Download soundmagic spectral

The minimum duration of audio excerpts required by both the traditional and CNN-based methods was assessed as 3 s. A minimum of 20 HRTFs are required to achieve a satisfactory generalization performance for the traditional algorithm and 30 HRTFs for CNN. However, under the HRTF-independent test scenario, CNN performed worse than the traditional algorithm, highlighting the importance of testing the algorithms under HRTF-independent conditions and indicating that the traditional method might be more generalizable than CNN. According to the results obtained under HRTF-dependent test conditions, CNN showed a very high discrimination accuracy (99.4%), slightly outperforming the traditional method. The discrimination method was developed based on the traditional approach, involving hand-engineering of features, as well as using a deep learning technique incorporating the convolutional neural network (CNN). To this end, 22, 496 binaural excerpts, representing either front or back located ensembles, were synthesized by convolving multi-track music recordings with 74 sets of head-related transfer functions (HRTF). The goal of this work was to develop a method for discriminating between front and back located ensembles in binaural recordings of music. One of the greatest challenges in the development of binaural machine audition systems is the disambiguation between front and back audio sources, particularly in complex spatial audio scenes. However, when the algorithms were tested under the BRIR mismatched scenario, the accuracy obtained by the algorithms was comparable to that exhibited by the listeners who passed the post-screening test, implying that the machine learning algorithms capability to perform in unknown electro-acoustic conditions needs to be further improved. The machine learning algorithms substantially outperformed human listeners, with the classification accuracy reaching 84%, when tested under the binaural-room-impulse-response (BRIR) matched conditions.

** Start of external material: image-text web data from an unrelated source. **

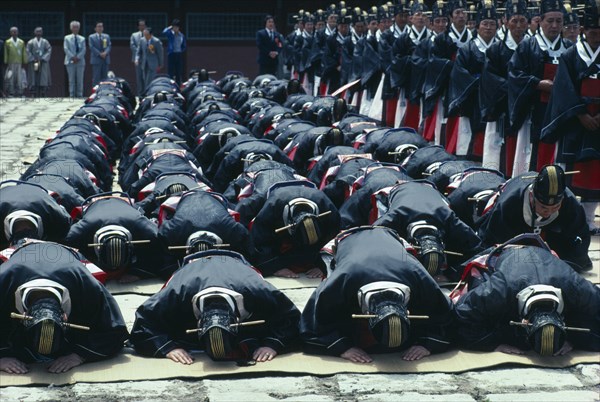 SOUTH KOREA, Seoul, Ching Myo Temple Confucian rites ceremony with worshippers prostrating to the ground.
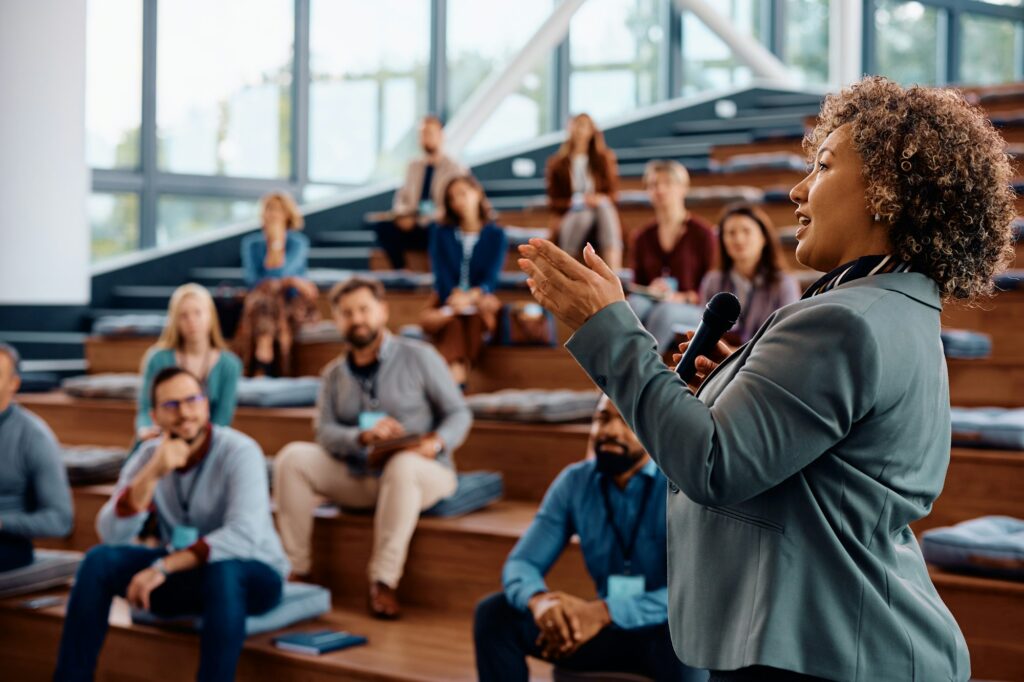 Female speaker talking on a business conference at convention center.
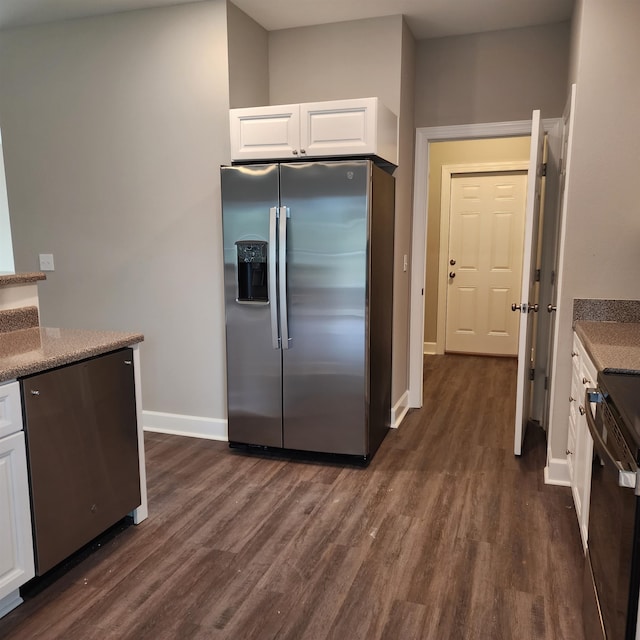 kitchen featuring dark hardwood / wood-style floors, white cabinetry, and stainless steel appliances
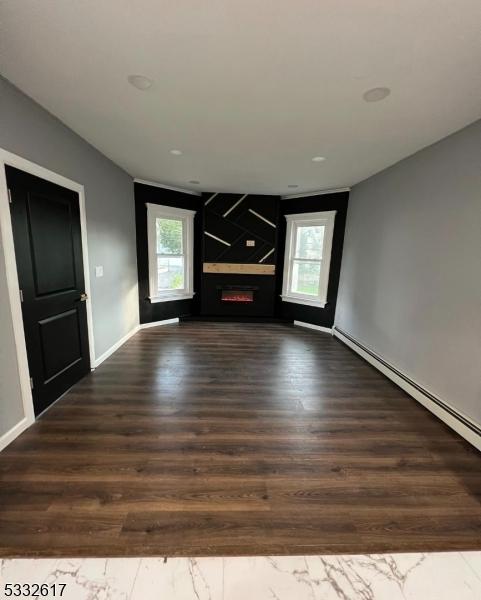 unfurnished living room with a fireplace and dark hardwood / wood-style flooring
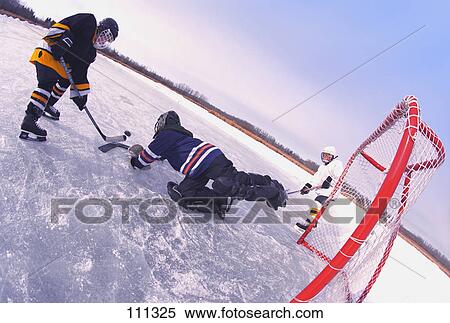 Young boys playing ice hockey outdoors View Large Photo Image Stock Photography - Young boys playing ice hockey outdoors. Fotosearch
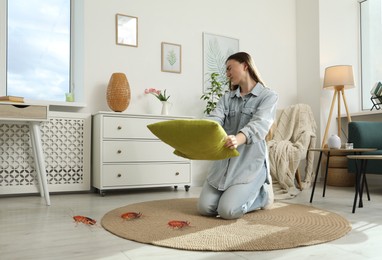 Image of Emotional young woman with pillow frightened by cockroaches on floor at home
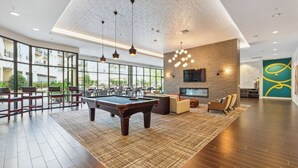 A spacious indoor area with a pool table, seating, and a large window offering a view of greenery. - Getaway | Hidden Gem | Free-Parking (Woodbridge)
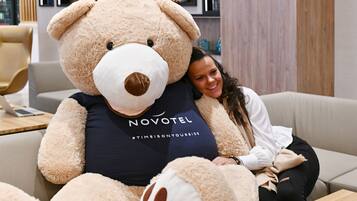 Una persona sentada en un sofá con un gran osito de peluche. El peluche tiene una etiqueta que dice “NOVOTEL” y un hashtag “#TIMEISONYOURSIDE”.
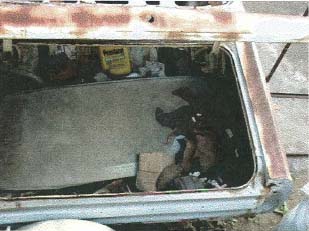 1967 Mercury Cyclone - The trunk interior of a vehicle, containing a yellow bottle and other items, with visible rust on the edges.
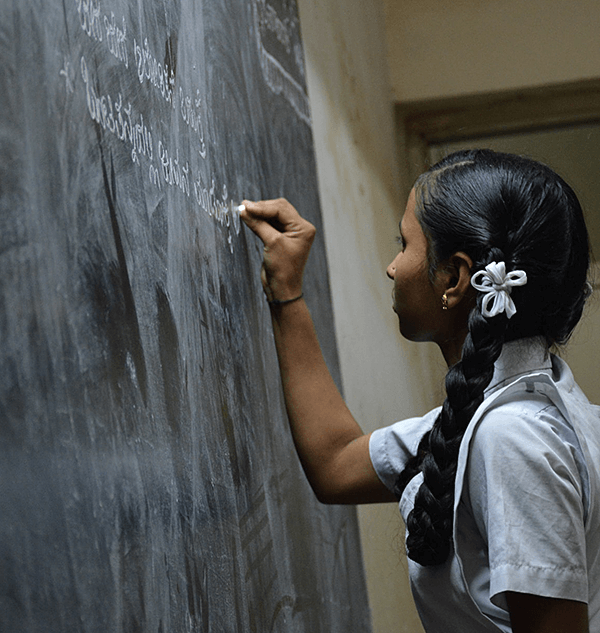 young girl writing on the class board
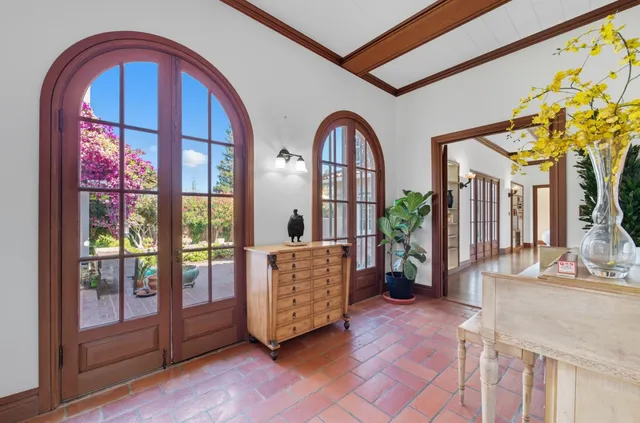 a view of an entryway with a staircase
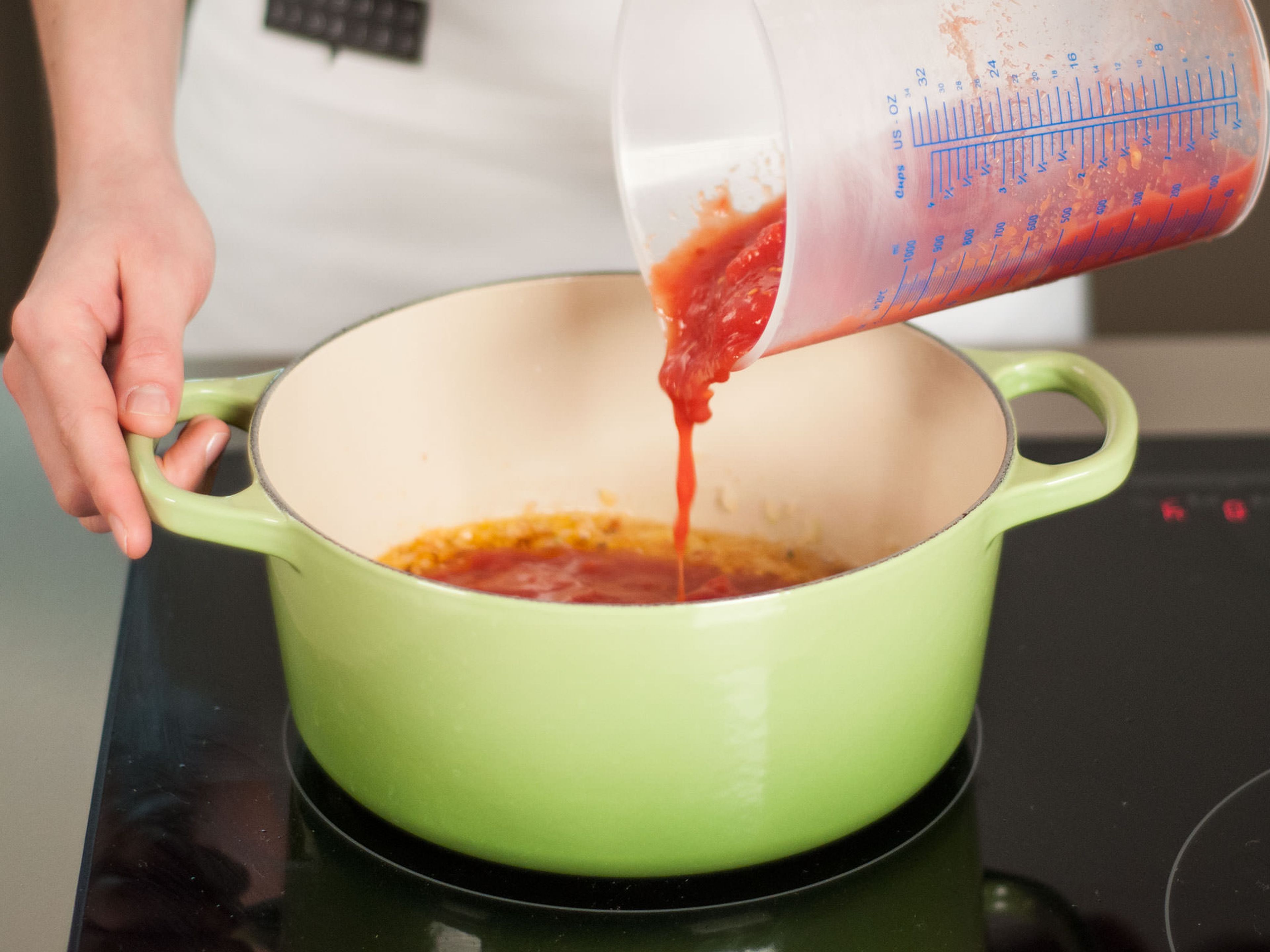 Tomaten in den Topf geben und zum Kochen bringen.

The above classification task was also undertaken automatically using four machine learning algorithms: convolutional neural network, support vector machines, extreme gradient boosting framework, and logistic regression. For the listeners who passed the post-screening test, the accuracy was greater, approaching 60%. In the listening test, undertaken remotely over the Internet, human listeners reached the classification accuracy of 42.5%. The three scenes were subject to classification: (1) music ensemble (a group of musical sources) located in the front, (2) music ensemble located at the back, and (3) music ensemble distributed around a listener. The purpose of this paper is to compare the performance of human listeners against the selected machine learning algorithms in the task of the classification of spatial audio scenes in binaural recordings of music under practical conditions.